Searching Chinese terms in middle of sentence


#1

When search using for Chinese keywords, any terms in the middle of the sentence do not turn up in search results. Searching on the first few words of a sentence however works.

Here’s a topic:

Searching for terms in middle of sentence doesn’t work:

Including the first few words in the beginning of the sentence works:

This phenomenon is mentioned in the first half of this thread:
https://meta.discourse.org/t/can-t-search-with-chinese-keywords/4500/10?source_topic_id=35440

It suggests that we need to turn on site wide Chinese locale in order to enable such search. Is this still the case?
We’re currently on En locale but need to support multiple languages.

Thanks.


Chinese searching is broken
Chinese search issues
#2

Actually I think this might be because “量子阱” is a rare term and not recognized as a keyword?
Anyway, is there any viable way we can improve this?


(Sam Saffron) #3

Can you post the exact terms/sentence being used, I can enable a mixed search tokenizer behind a site setting


#4

Are there any plugins that can include rare translated terms like that automatically?
There are many such terms that is specific to our field in photonics but we don’t keep track of it 'cause there are many.
Or we can try to find such a glossary list on the internet and send to you in some format? but it might be a very time-consuming exercise for us.


(Sam Saffron) #5

We have a tokenizer that is enabled for Chinese locale I can add a site setting to enable it unconditionally

Just need some examples pasted here of sentences and expected word breaks so I can confirm it works well, can not use the pics need it in text


#6

I see. Here’re the text for the example:
Topic: 能否设计量子阱材料
search terms: 量子阱, 设计量子阱, 量子阱材料, 材料, 设计
Is it possible to enable it for Korean and Japanese as well?
thanks!


(Sam Saffron) #7

This is now completed per:

We will have it deployed on the business tier next week. The site setting search_tokenize_chinese_japanese_korean will enable the CJK tokenizer for search regardless of locale.

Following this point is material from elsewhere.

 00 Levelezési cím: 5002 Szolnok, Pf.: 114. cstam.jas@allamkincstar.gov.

To take effect you will have to enable the site setting and edit the topic in question (to refresh the search index)


#8

Hi, am I reading this right? Does this mean the only way to ensure that old posts turn up in such searches is by editing them individually? Thanks.


(Sam Saffron) #9

Once enabled we can kick off another reindex for you


#10

Hello, that has been done, but some unusual problems seem to be occurring.

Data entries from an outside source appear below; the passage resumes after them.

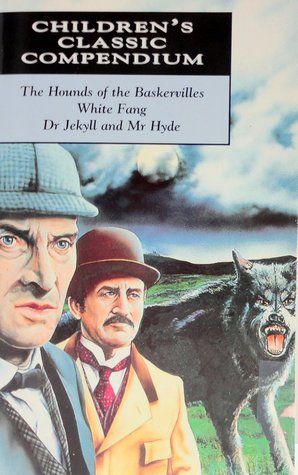 The Hounds of the Baskervilles / White Fang / Dr. Jekyll and Mr. Hyde (Paperback)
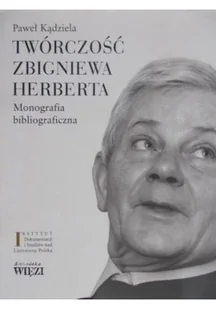 Twórczośc Zbigniewa Herberta. Monografia bibliograficzna tom 1/2 - Paweł Kądziela - Biografie i autobiografie - miniaturka - grafika 2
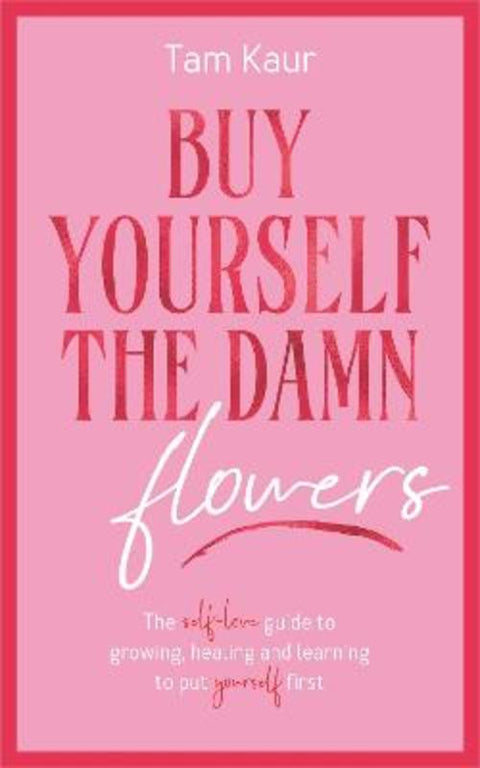 Buy Yourself the Damn Flowers by Tam Kaur - 9781785121746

Searches for many Chinese terms which appear on the website are not returning any result. One thing I am noticing is that problems seem more likely to occur in searches for terms including traditional characters (as are used in Taiwan) for which there are simplified (as used in China) equivalents. In some case I don’t get results if the term includes one such character, and less then three characters for which there is no such equivalent (the character is the same in Taiwan and China)

Some things I’m seeing: 台北 (Taipei) gets plenty of hits, but 台 (Taiwan) doesn’t get any (I changed our minimum search length setting to 2 to accommodate such Chinese place names/terms.) (characters with simplified equivalents bolded).

老鼠屎了一鍋湯 gets results, but some smaller subsets including a bolded character don’t. A lot of common terms like the name of President Lee I mentioned,李登 aren’t getting any results at all, even the test post I made a few days ago (which was being found previously.) Even a “search this category” search in that category or thread do not find the post. The same is true of 李登, which would seem to contradict my traditional/simplified theory. Perhaps I’m barking up the wrong tree with that, I don’t know.

Something else odd seems to be happening in English searches, that I did not notice previously. For example, a search on “anyone who I know” (no quotes) is returning a lot of results for “I”, even in words where the letter is present. I’m not sure if this would be expected or not.

I hope this makes some sense. Thanks for the assistance.


(Mittineague) #11

My first guess is that the “dictionary” being used for Postgres searches is omitting what would be Chinese "stop words* (words that are so common they are considered to be of little to no value for searches).

But I do not know where or how Discourse configures what dictionary to use based on the locale to support or discredit the guess. .

I don’t understand Chinese but maybe you can see something here?

https://code.google.com/archive/p/nlpbamboo/wikis/TSearch2.wiki

I find the documentation fairly bewildering even when it is in English, that I can read, but hopefully you find it easier going.


#12

I would guess that wouldn’t be a concept that could be applied to Chinese searches. In a nutshell, there aren’t characters that are common enough in the way that “the” for example is common, that it would make searching for them unprofitable, and it would make it impossible to search for any terms including that character.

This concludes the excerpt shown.